Here’s What You Need to Do to Reduce Stress and Increase Productivity


Do you frequently feel stressed and say you do not have enough time to do everything you want? If your answer is yes, you are not alone. Millions of people around the world feel the same because is common at home and at work.

In fact, in the United States alone, eight out of 10 Americans say they feel stressed every day, according to a Gallup survey. Although stress is normal, it doesn’t mean you can do anything to reduce it and improve your productivity.

Gretchen Rubin, a happiness expert and author of “Outer Order, Inner Calm,” said there are simple but effective ways you can do to get things done, feel better and more productive.

Give yourself a power hour every weekend

Rubin told CNBC’s Make It that you must dedicate a Power hour for yourself during the weekend.  According to her, “Give yourself an hour. Power hour is when you set aside an hour on the weekend to do all the things that you’ve been procrastinating about.”

Rubin noted that most people find a way to postpone tasks that can be done at any time. These are normally simple things such as putting back sweaters on the shelf or going to the dry cleaners—chores that can be done with little amount of time.

Indeed, constant procrastination results to building up of unattended chores for “weeks or maybe even months.” When things pile up, you see clutter and feel overwhelmed and stressed.

According to Rubin, “Power hour is a way to keep it manageable especially for people who are super busy and don’t want to spend the entire afternoon of one of their precious weekend days clearing clutter.”

She added, “It’s amazing what we can do in an hour. In fact, we often over emphasize or over estimate what we can do in a short amount of time like a day or weekend. But then we underestimate what we can get done if we do a little bit of work consistently over the long term. So you may think, I don’t have six hours on Saturday to spend dealing with this, so it’s not even worth doing it anything at all. But if did power hour for a month, you would be amazed how much you can get done just this little bit at a time if you do it consistently over the long-term.”

Make it a habit to “keep up than to catch up”

In her book, Rubin wrote that it is important that you write down all the “unpleasant chores” you want to accomplish. Every week, make sure to set a time to get the things done on your list. She stressed, “Little by little, we can get a lot accomplished,” she says.

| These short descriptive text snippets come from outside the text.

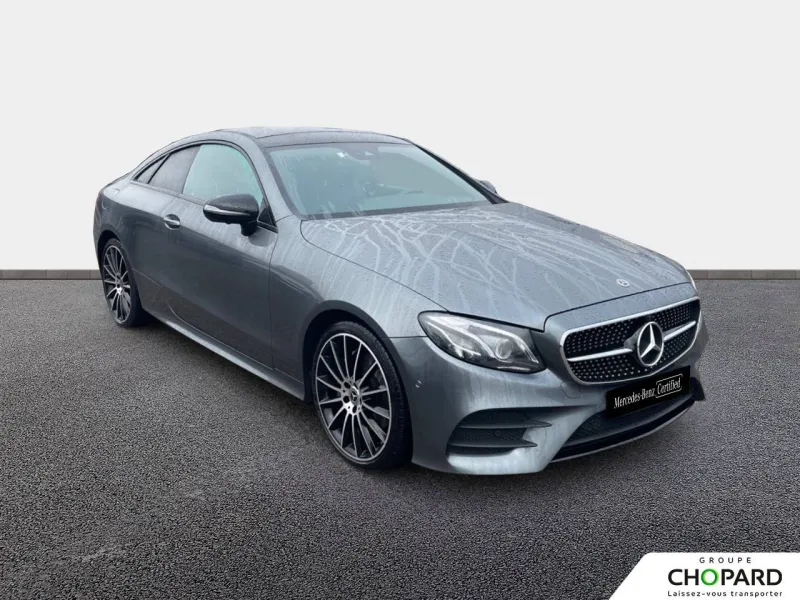 Image secondaire du véhicule 6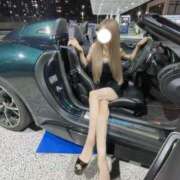 ヒメ日記 2026/04/14 00:15 投稿 KIRARA【キララ】 BLENDA V.I.P東京店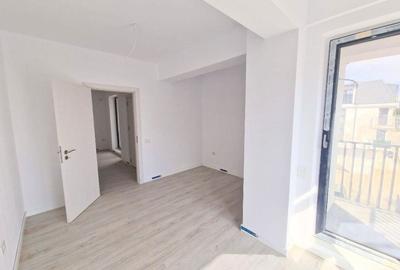 Apartament 3 camere Otopeni | achiziție direct de la dezvoltator Apartament 3 camere Otopeni | achiziție direct de la dezvoltator - 8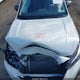 JF2GTHRC7MH655346 2021 Subaru Crosstrek Sport auction photo thumbnail 10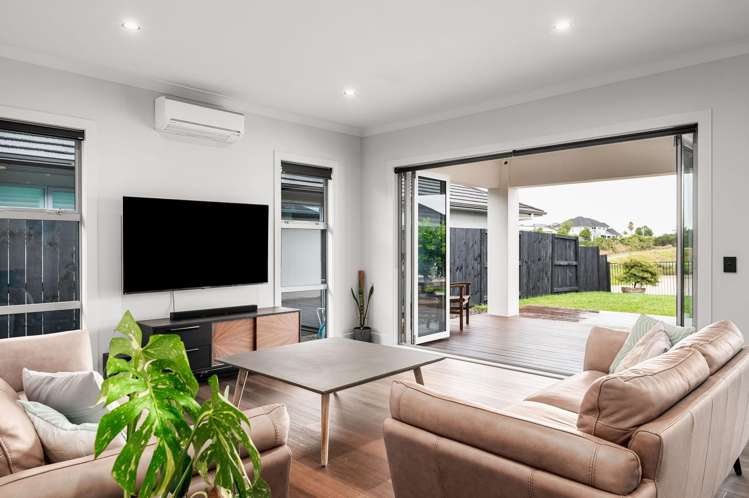 10 The Link Flagstaff_12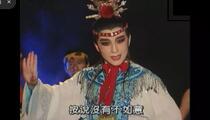 �����硶���Ʊ��񡷰����� 8��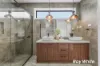 20 Syrah Parade, Wollert, Vic 3750-Image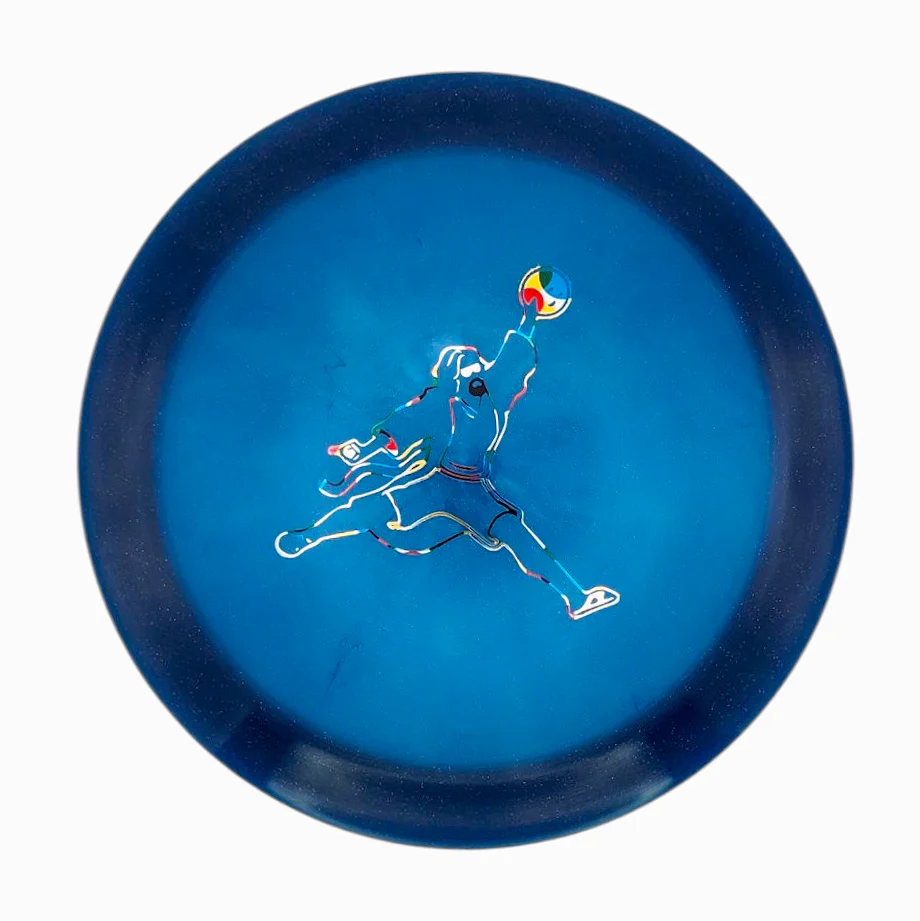 Realm - Diamond - Air Dude - Image 4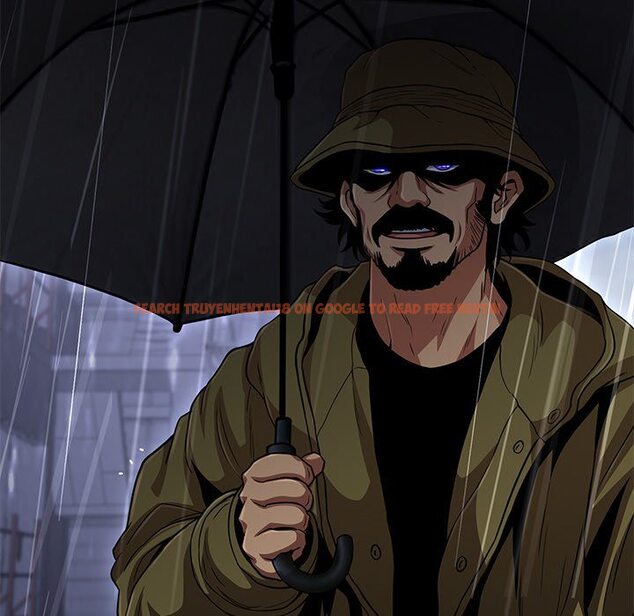 Read Hentai Image 31 7f7d1 in comic My Gangster Girlfriend - Chapter 33 - www.hentaitnt.net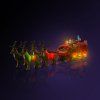 Santa s 20Sleigh 2040499 20 20Iso Main 1000x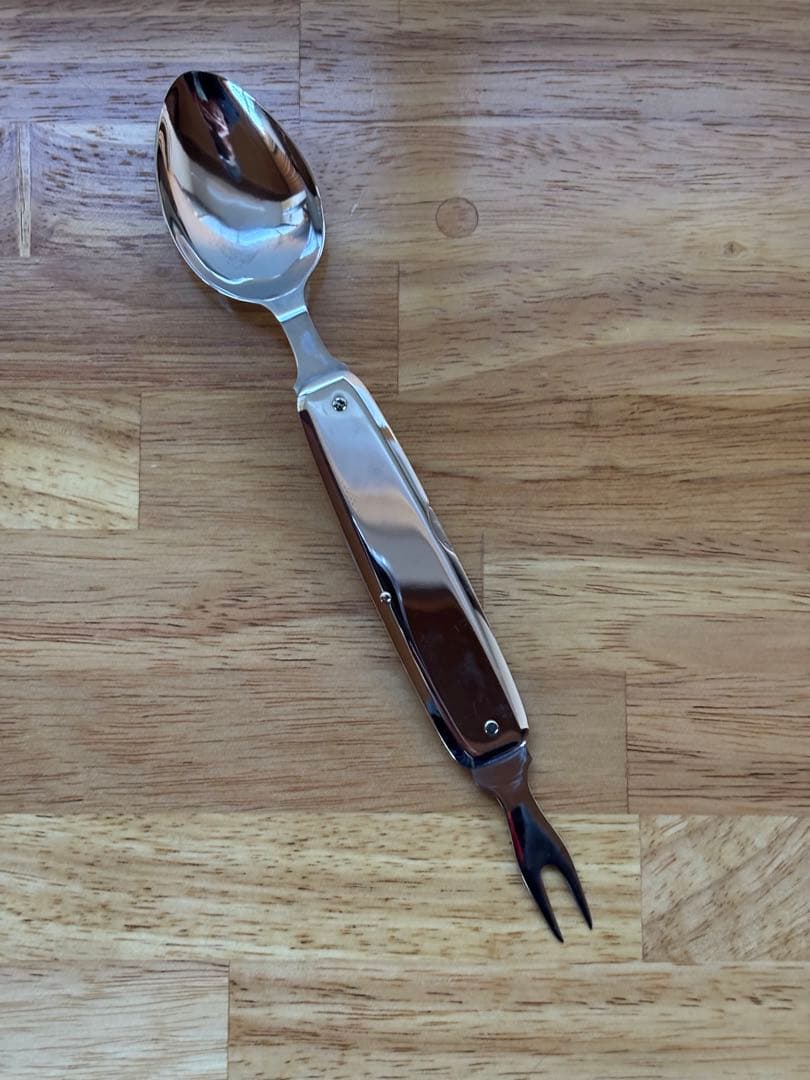 G. Lorenzi カトラリーセット　lorenzi Milano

Furthermore, Rubin stated that to try your best to keep things organize or minimize making a mess to keep our week less stressful.

According to her, “One thing to remember is that it’s easier to keep up than to catch up. So do as much as you can do along the way that’s going to make it more pleasant for you as you go through your work week. That’s going to make less work for you on the weekend.”

“If you can steal yourself and take a few minutes and clean as you go, you’re going to feel better during the work-week, and then you can have less work on the weekend.”

In other words, stop procrastinating because it is a negative habit that makes your life stressful and less productive.